The Biden administration on Thursday unveiled its new Reconnecting Communities pilot program, an effort that aims — as its name suggests — to “reconnect communities that were previously cut off from economic opportunities by transportation infrastructure,” per a statement. 


What You Need To Know

  • The Biden administration on Thursday unveiled its new Reconnecting Communities pilot program, an effort that aims –to “reconnect communities that were previously cut off from economic opportunities by transportation infrastructure"

  • Transportation Secretary Pete Buttigieg is set to join Rep. Terri Sewell and other local leaders in Birmingham, Alabama on Thursday to preview the program and to highlight the city’s upcoming rapid transit service Birmingham Xpress

  • The Reconnecting Communities funds will be made available for a wide variety of infrastructure projects that are ready to launch, as well as others still in the research and planning stages

  • Among the application criteria will be a focus on equity and environmental justice, which “speaks to the extent that the applicant has robust community engagement and a plan or assessment of the harm or inequities,” officials said in part

The program, which will be administered through the Department of Transportation, will award $195 million in grants this year, $50 million of which will be reserved for communities still in the planning stages of their transportation connectivity projects. In total, the program will allocate $1 billion for plans and projects over the course of the next five years.

"Transportation can connect us to jobs, services, and loved ones, but we've also seen countless cases around the country where a piece of infrastructure cuts off a neighborhood or a community because of how it was built," transportation secretary Pete Buttigieg wrote in a statement. "Using funds from President Biden's Bipartisan Infrastructure Law, we are proud to announce the launch of Reconnecting Communities: the first-ever dedicated federal initiative to unify neighborhoods living with the impacts of past infrastructure choices that divided them."

Buttigieg joined Rep. Terri Sewell, D-Ala., and other local leaders in Birmingham, Alabama, on Thursday to preview the program and to highlight the city’s upcoming rapid transit service Birmingham Xpress, which will connect over two dozen communities in the state to jobs, schools and healthcare. 

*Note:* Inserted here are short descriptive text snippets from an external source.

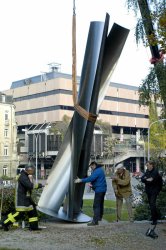 Roland Phleps: Bündel-Stele 1. Freiburg, Platz der Universität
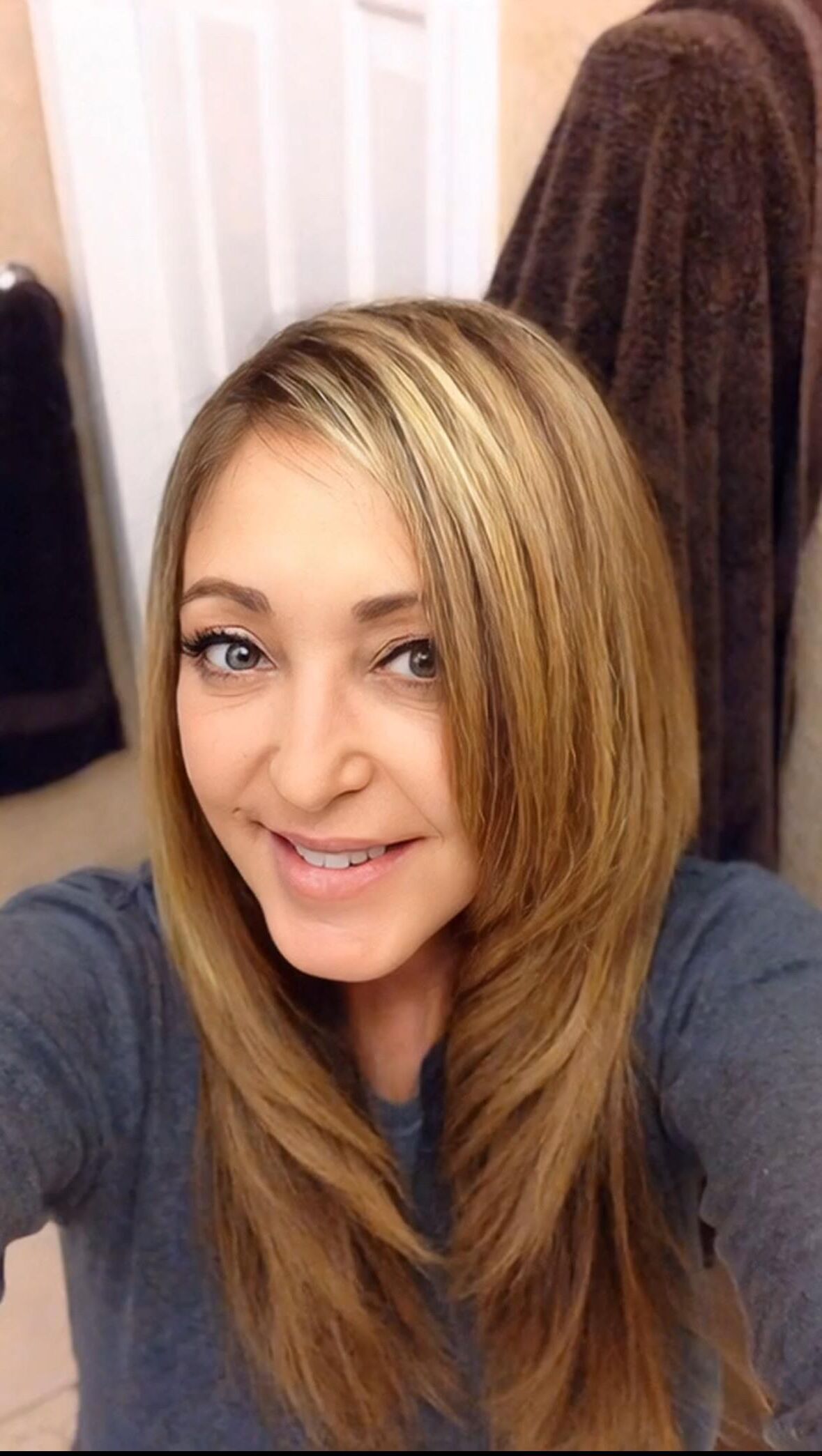 AI My Wife (Bathroom Selfie Tits)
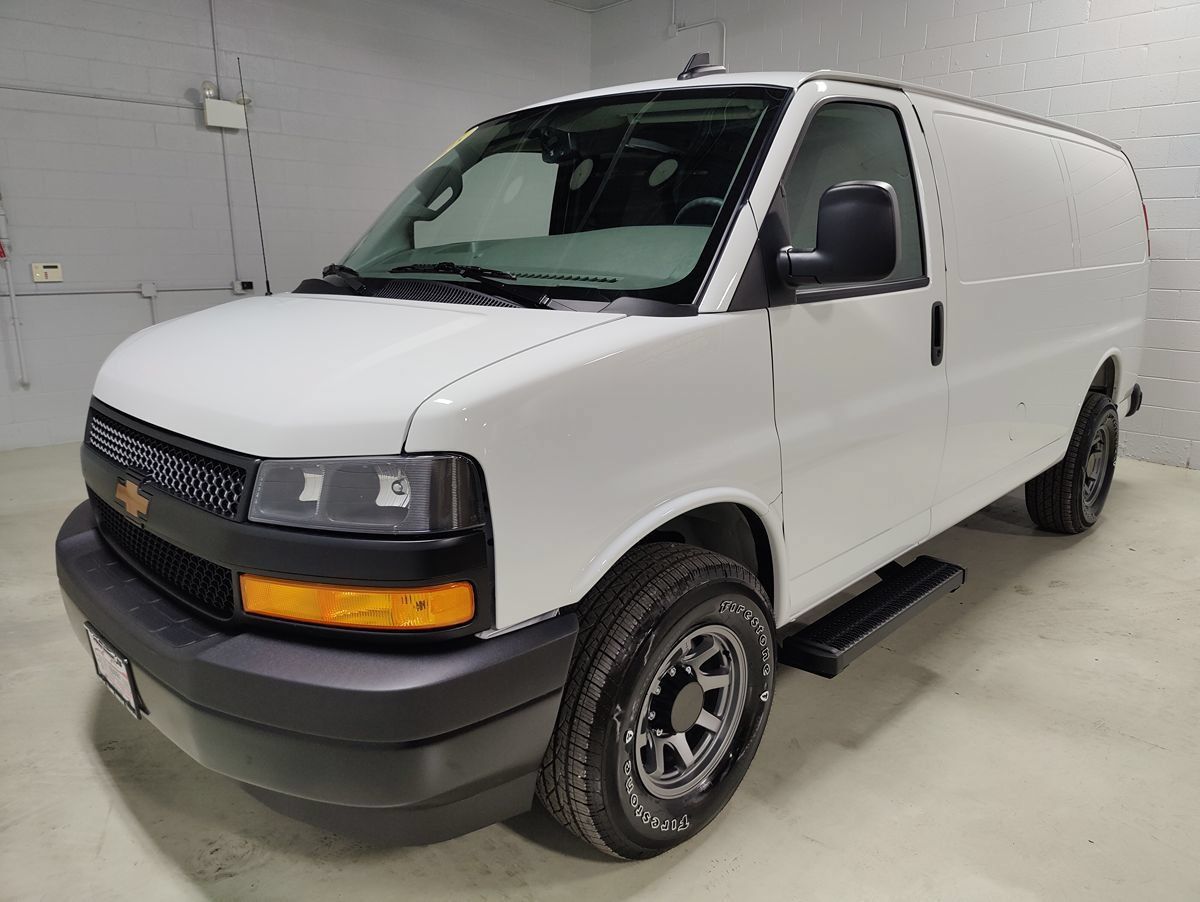 Used 2025 Chevrolet Express 3500 w/ Driver Convenience Package RWD image 32
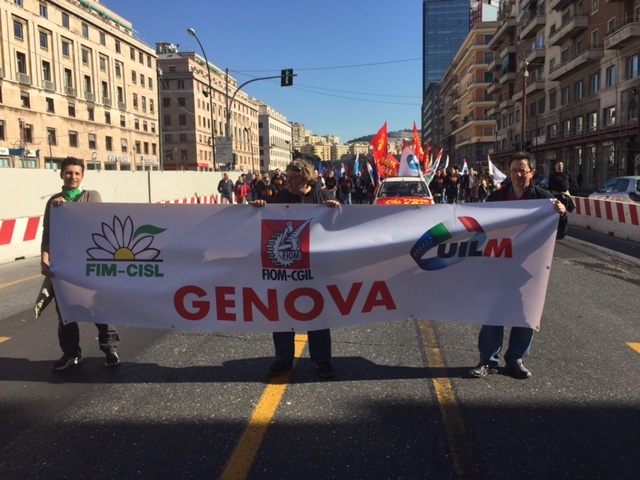 Venerdì sciopero nazionale dei metalmeccanici, lavoratori in corteo anche a Genova 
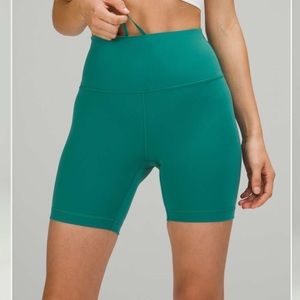 Lululemon Wunder Train 6 in Shorts - Size 6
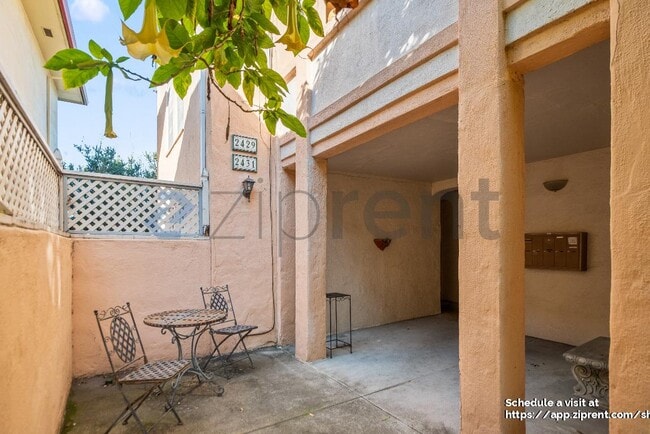 Building Photo - 2429 Ivy Dr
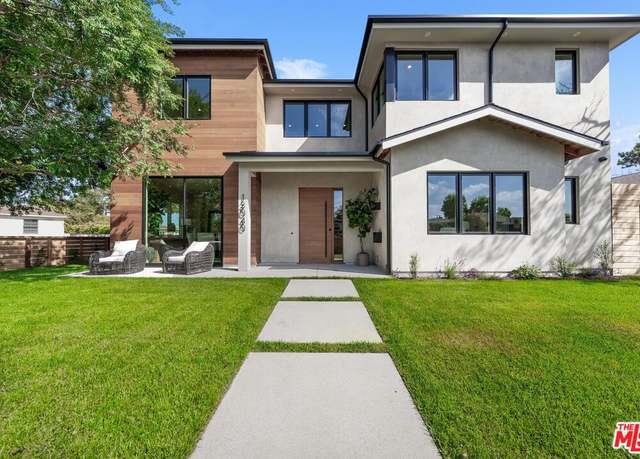Property at 13040 Appleton Way, Los Angeles, CA 90066, 5 beds, 4.5 baths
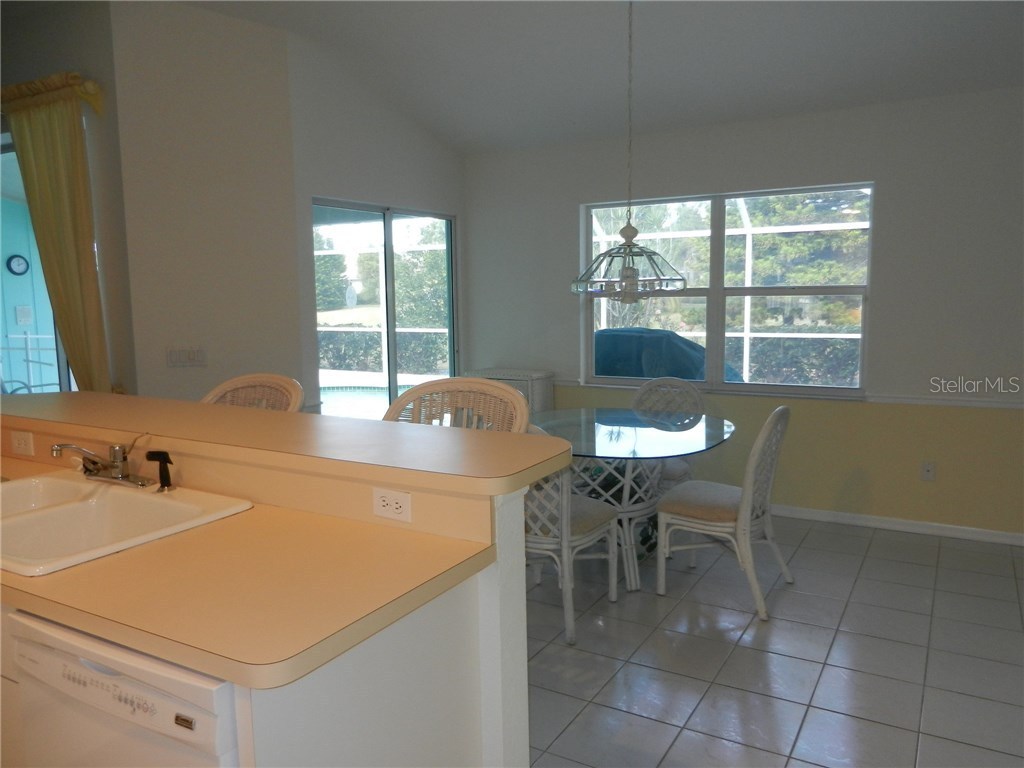 589 Rotonda Circle Rotonda West FL 33947 D5915887 image7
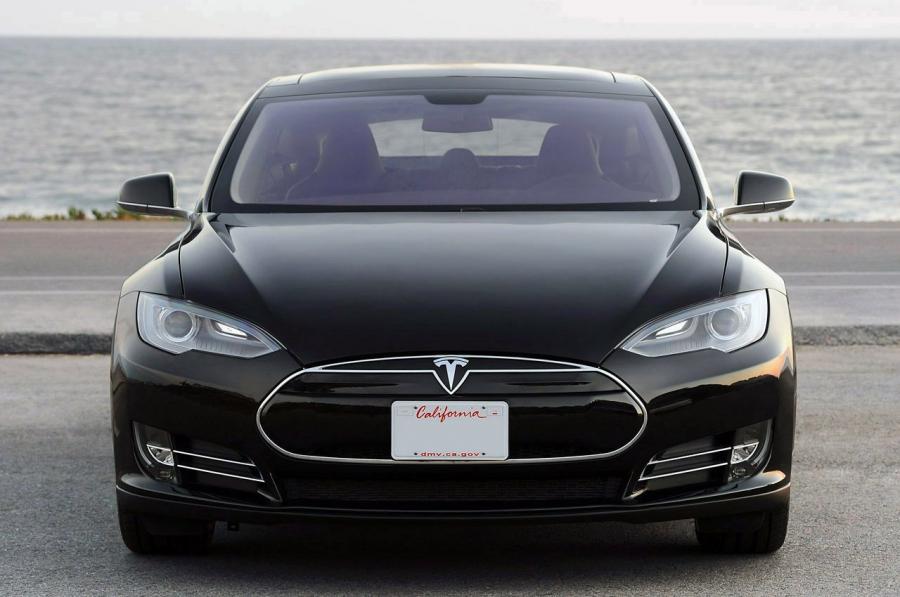  Tesla Model S 2012 года  (фото 22 из 88)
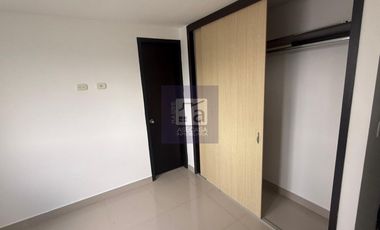 COD. 4077 - SE ARRIENDA APARTAMENTO - BARRIO: FONTANA
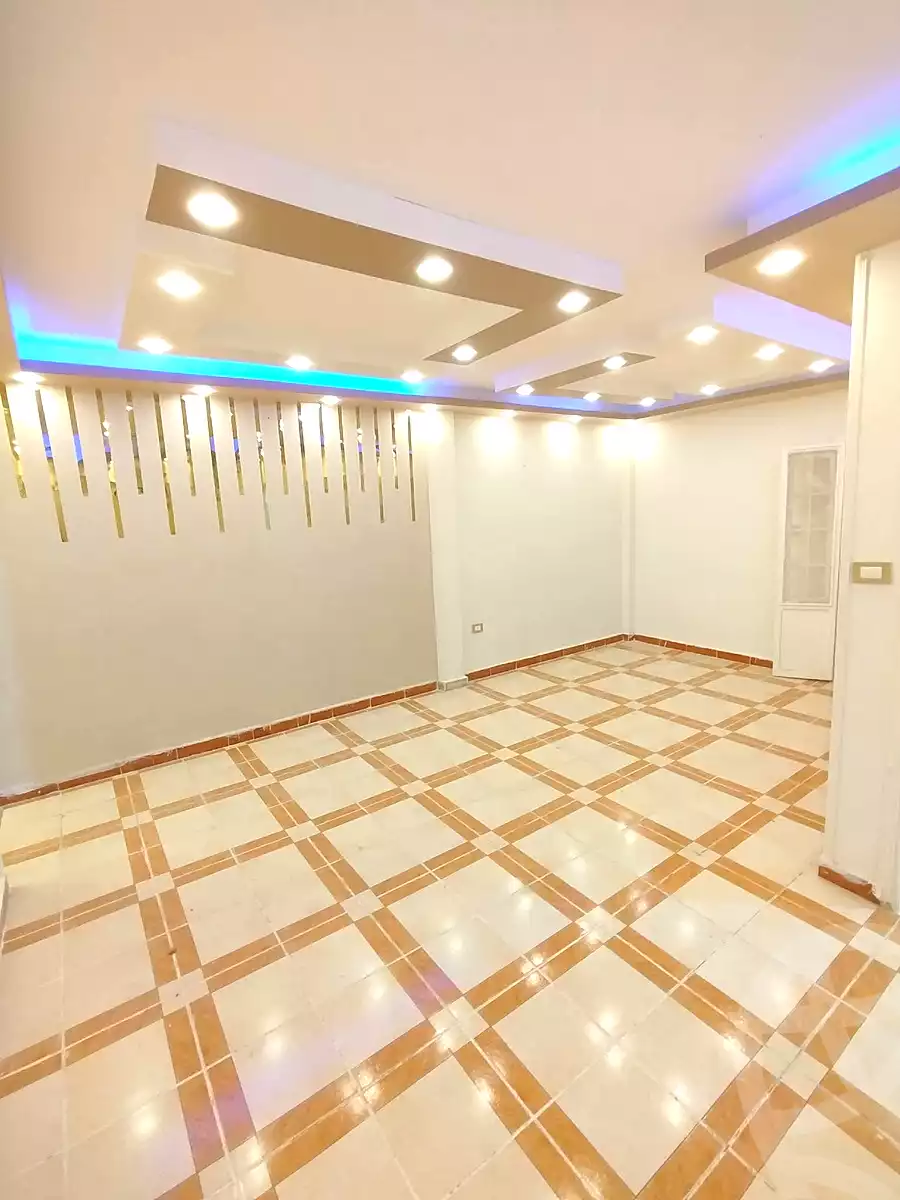 https://aqarmap.com.eg/ar/listing/7057897-for-sale-alexandria-lsywf-el-falki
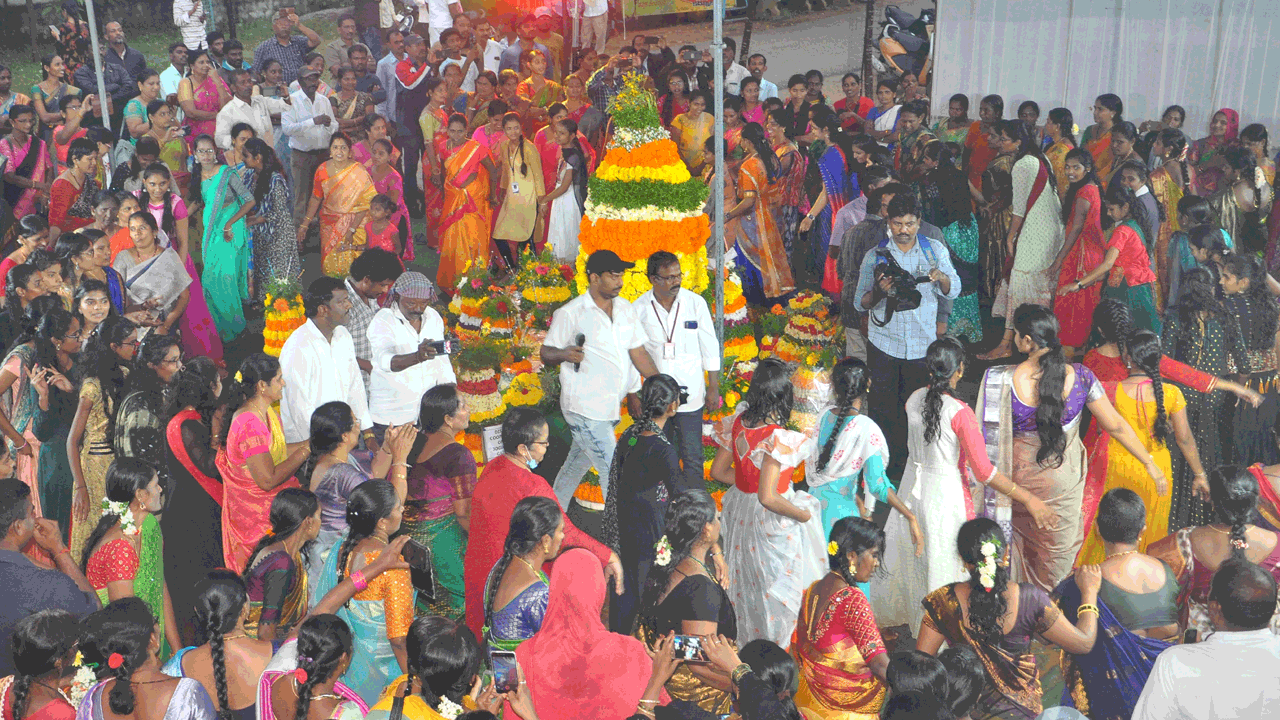 తెలంగాణ వచ్చాకే బతుకమ్మకు ఆదరణ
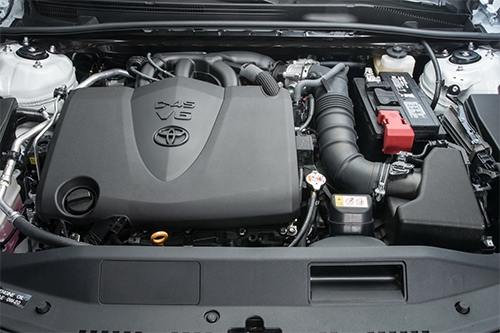 chi-tiet-toyota-camry-the-he-thu-8-moi-6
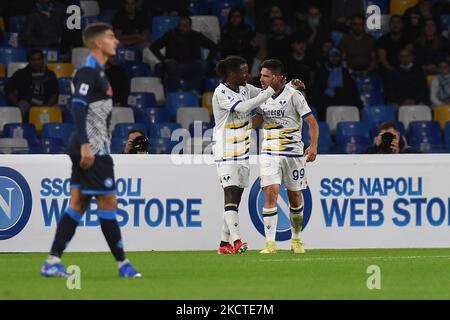 Giovanni Simeone vom FC Hellas Verona feiert nach dem Tor in der Serie Ein Spiel zwischen SSC Napoli und dem FC Hellas Verona am 7. November 2021 im Stadio Diego Armando Maradona Neapel Italien. (Foto von Franco Romano/NurPhoto) Stockfoto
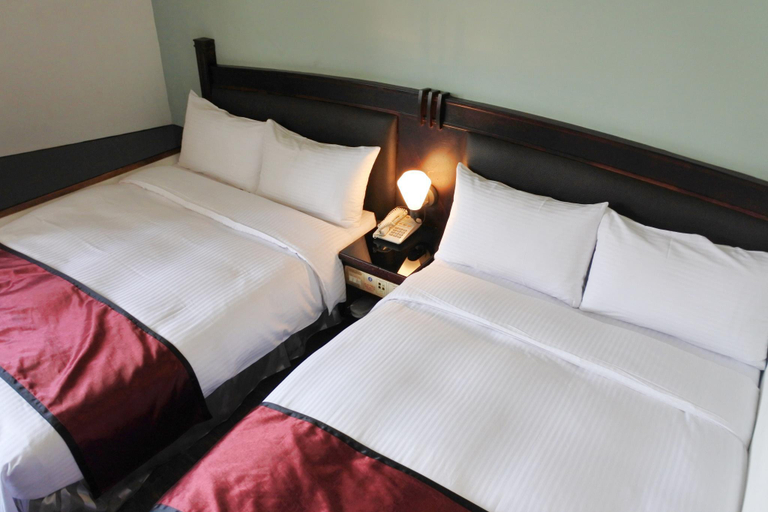 Bedroom 3, North Sea Hotel, Taichung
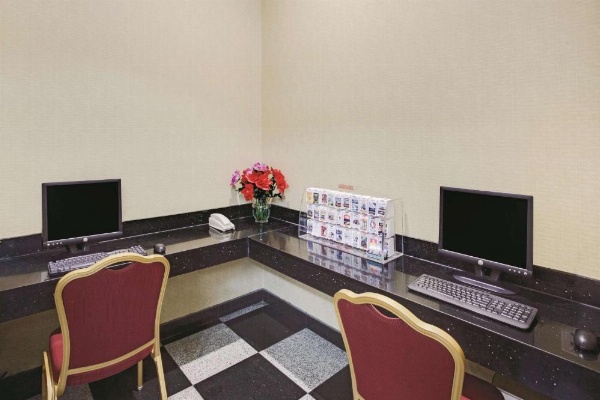 La Quinta Inn by Wyndham Queens (New York City) image 9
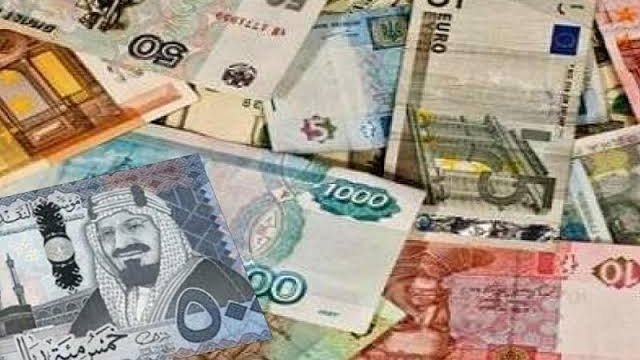 ارتفاع أسعار العملات العربية اليوم في البنوك.. الدينار الكويتي والريال السعودي في صدارة التحركات 3 ارتفاع أسعار العملات العربية اليوم في البنوك.. الدينار الكويتي والريال السعودي في صدارة التحركات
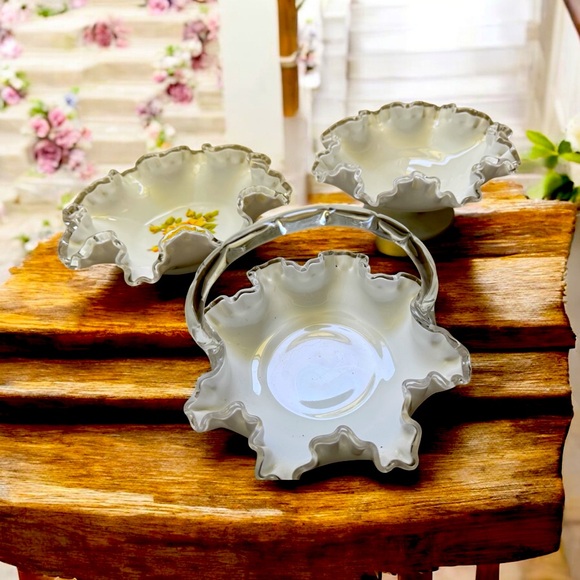 Fenton Set Of 3 Silvercrest Baskets ruffled.One of the set is stamped Fenton - Picture 1 of 8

Birmingham Xpress will connect 25 neighborhoods that are "bifurcated by a number of highways," officials said, making transportation all the more difficult for city residents. 

Sewell shared a series of tweets showcasing the secretary's visit to Birmingham, writing the new rapid transit service is a "great example of a program that is helping to connect our communities."

 

"This is about ensuring that people can live where they want to live more affordably while accessing the jobs, schools, & services our city has to offer!" Sewell added. 

Close to half of Birmingham’s population lives within one-half mile of planned stations along the new 15-mile bus corridor. City leaders say that will open up access around I-65, which cuts through the city’s Black neighborhoods, providing connections to jobs in the corridor as well as the University of Alabama at Birmingham and other schools.

“Transportation can connect us to jobs, services and loved ones, but we’ve also seen countless cases around the country where a piece of infrastructure cuts off a neighborhood or a community because of how it was built,” Buttigieg said during Thursday's visit. 

“We can’t ignore the basic truth: that some of the planners and politicians behind those projects built them directly through the heart of vibrant populated communities,” he added. “Sometimes as an effort to reinforce segregation. Sometimes because the people there have less power to resist. And sometimes as part of a direct effort to replace or eliminate Black neighborhoods.”

The Reconnecting Communities funds will be made available for a wide variety of infrastructure projects that are ready to launch. Those so-called Capital Construction Grants will help “carry out a project to remove, retrofit, mitigate, or replace an existing eligible facility with a new facility that reconnects communities,” DOT wrote in a release. The minimum request threshold for a construction grant will be $5 million. 

“These projects can take a lot of different forms,” Buttigieg told reporters. “It could mean constructing a public greenway that allows people to walk, bike and access public transit, [like] in St. Louis. It can mean connecting parts of the city that were disconnected through a new asset like the bus rapid transit line.

“What all these different projects or visions have in common is empowering communities to innovate and prepare for the future,” he added. “They provide people with better opportunities, better connections to jobs, and they let people live in safer and healthier, thriving places.” 

The maximum amount available for planning grants under the program will be $2 million, officials noted, adding those programs can “entail anything from community engagement and visioning to studies that can look at traffic patterns to documenting local history and environmental and transportation and justices in communities where the planning work and community engagement has been completed.” 

Among the application criteria will be a focus on equity and environmental justice, which “speaks to the extent that the applicant has robust community engagement and a plan or assessment of the harm or inequities,” officials said in part. 

Officials will also assess mobility and community connectivity, community-based stewardship and the potential for equitable development and shared prosperity. 

Applications for the grants must be submitted by 11:59 p.m. EDT on Oct. 13, 2022.  

The Associated Press contributed to this report.